A Vector Angle-Based Evolutionary Algorithm for Unconstrained Many-Objective Optimization

Taking both convergence and diversity into consideration, this paper suggests a vector angle-based evolutionary algorithm for unconstrained (with box constraints only) many-objective optimization problems. In the proposed algorithm, the maximum-vector-angle-first principle is used in the environmental selection to guarantee the wideness and uniformity of the solution set. With the help of the worse-elimination principle, worse solutions in terms of the convergence (measured by the sum of normalized objectives) are allowed to be conditionally replaced by other individuals. Therefore, the selection pressure toward the Pareto-optimal front is strengthened. The proposed method is compared with other four state-of-the-art many-objective evolutionary algorithms on a number of unconstrained test problems with up to 15 objectives.
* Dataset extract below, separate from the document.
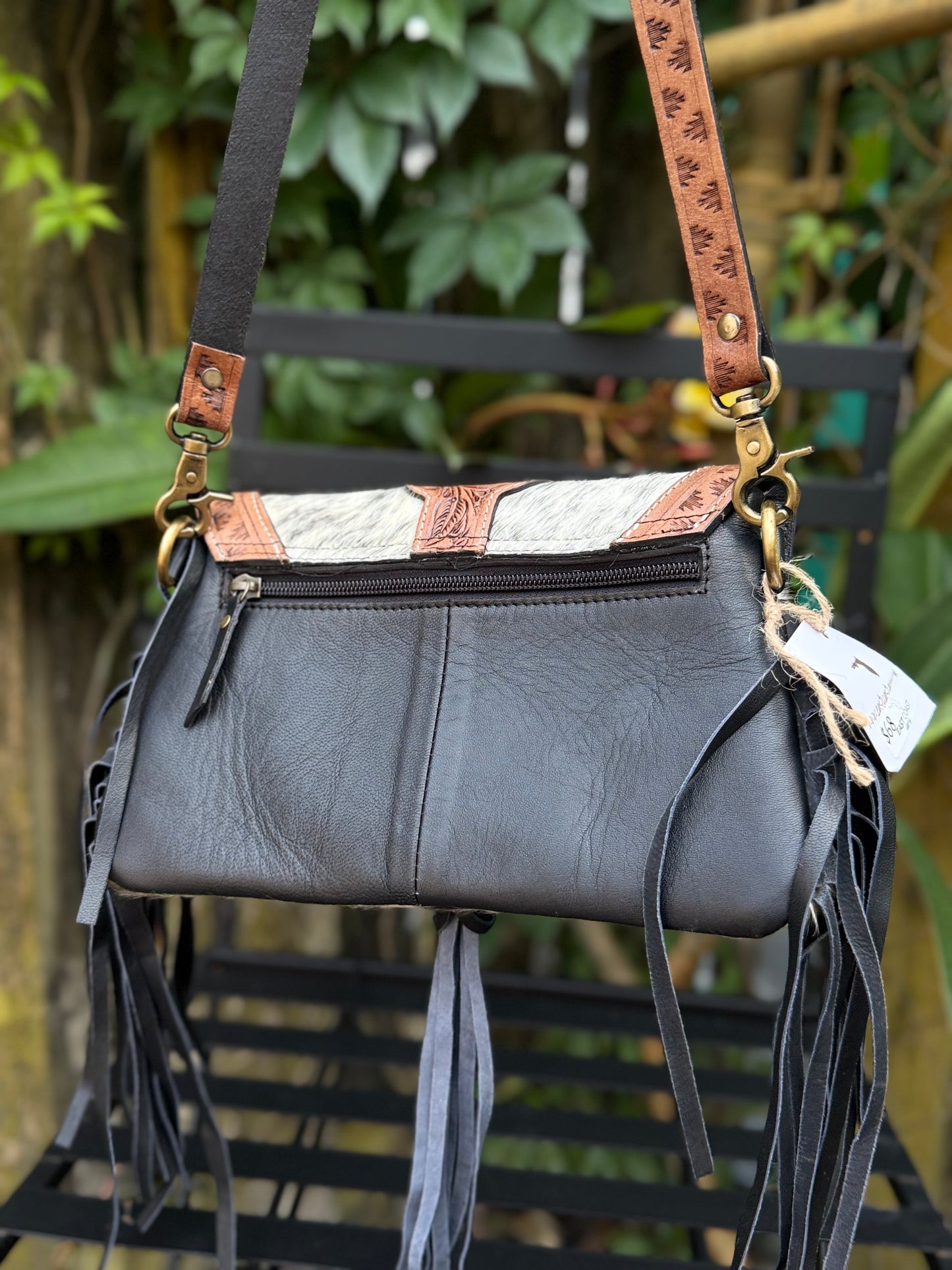 Bayou Bloom: Handtooled Leather and Cowhide Fringe Black and Brown Leather Crossbody with Fringe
The experimental results have shown the competitiveness and effectiveness of our proposed algorithm in keeping a good balance between convergence and diversity. Furthermore, it was shown by the results on two problems from practice (with irregular Pareto fronts) that our method significantly outperforms its competitors in terms of both the convergence and diversity of the obtained solution sets. Notably, the new algorithm has the following good properties: 1) it is free from a set of supplied reference points or weight vectors; 2) it has less algorithmic parameters; and 3) the time complexity of the algorithm is low. Given both good performance and nice properties, the suggested algorithm could be an alternative tool when handling optimization problems with more than three objectives.